From the report on anti-Jewish incidents, it’s clear that the actions taken by Israel directly affect the number of incidents reported.
But the negative sentiments expressed in the opinion poll were aimed not at Israel but at Jews. Respondents were asked about what they thought led to violent acts against Jews. Some 66 percent believed that violence directed against Jews is a result of “anti- Jewish” prejudice, while only 21 percent believe it is a result of “anti-Israel sentiment.”
A week after both reports were released, another incident hit the headlines. A priest named Oscar Belli made anti-Semitic comments during a Sunday sermon at the Itatí Church. According to Rita Beatriz Arcusín, a Jewish woman who overheard the sermon and reported the incident to the Human Rights Provincial Secretary, Belli said during mass on September 25 that “Jews are such liars that they have their souls rotten to the bones.” The sermon was delivered in the province of Entre Ríos, where the first Jewish colonies were established in the country in 1889.
One possible reason that the deep negative prejudices revealed by the poll do not often erupt into violence against Jewish people could be Argentina’s 1998 Discrimination Law, which punishes hate crimes resulting from racial or religious discrimination and also allows judges to increase the penalty in other crimes, if such discrimination is involved.
Some local Jewish officials question the extent of anti-Semitism in Argentina.
Tomy Saieg, the pro-secretary of AMIA, says the report on anti-Semitism conducted by the University of Buenos Aires for DAIA and ADL is of great concern for the Jewish community. He questions the report’s accuracy.
“In Argentina there is respect for diversity towards all religions. Jews have been living harmoniously here for more than 100 years, and it is not true that this is changing,” he tells The Report.
“It would be extremely rude, ungrateful and false to talk about an anti-Semitic Argentinian society.
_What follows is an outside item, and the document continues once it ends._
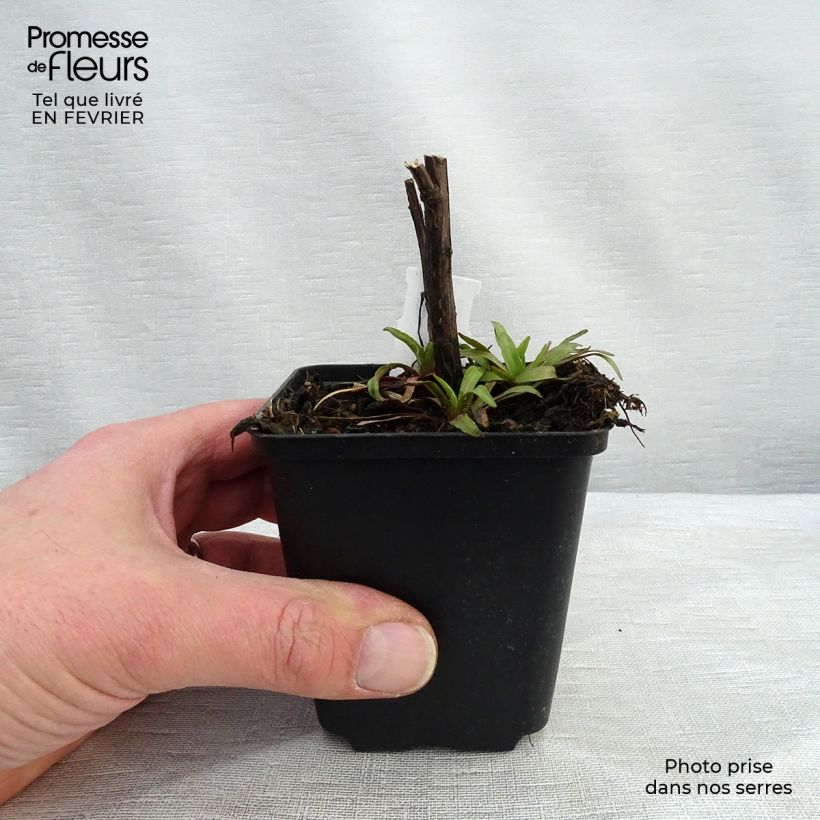 Helenium Flammendes Katchen Maceta de 8/9 cm Ejemplar entregado en invierno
Although we always maintained that as long as there is no justice for the terrible attacks that destroyed the Israeli Embassy and the AMIA building, we cannot say a Jew lives 100 percent securely here. I insist we do not live or walk with fear,” he says.
But if Jews are still living in the shadow of the two deadly attacks in Buenos Aires, Argentine society is beginning to forget them.
A recent poll revealed that 20 years after the attack on the Israeli Embassy, only 20 percent of Argentine youth have any knowledge of the atrocity. The poll showed that while 90 percent of Argentinians know about the AMIA bombing in 1994, only 27 percent recall the embassy attack two years earlier.
Among the population aged 18 to 29 years, these percentages are 91 and 20.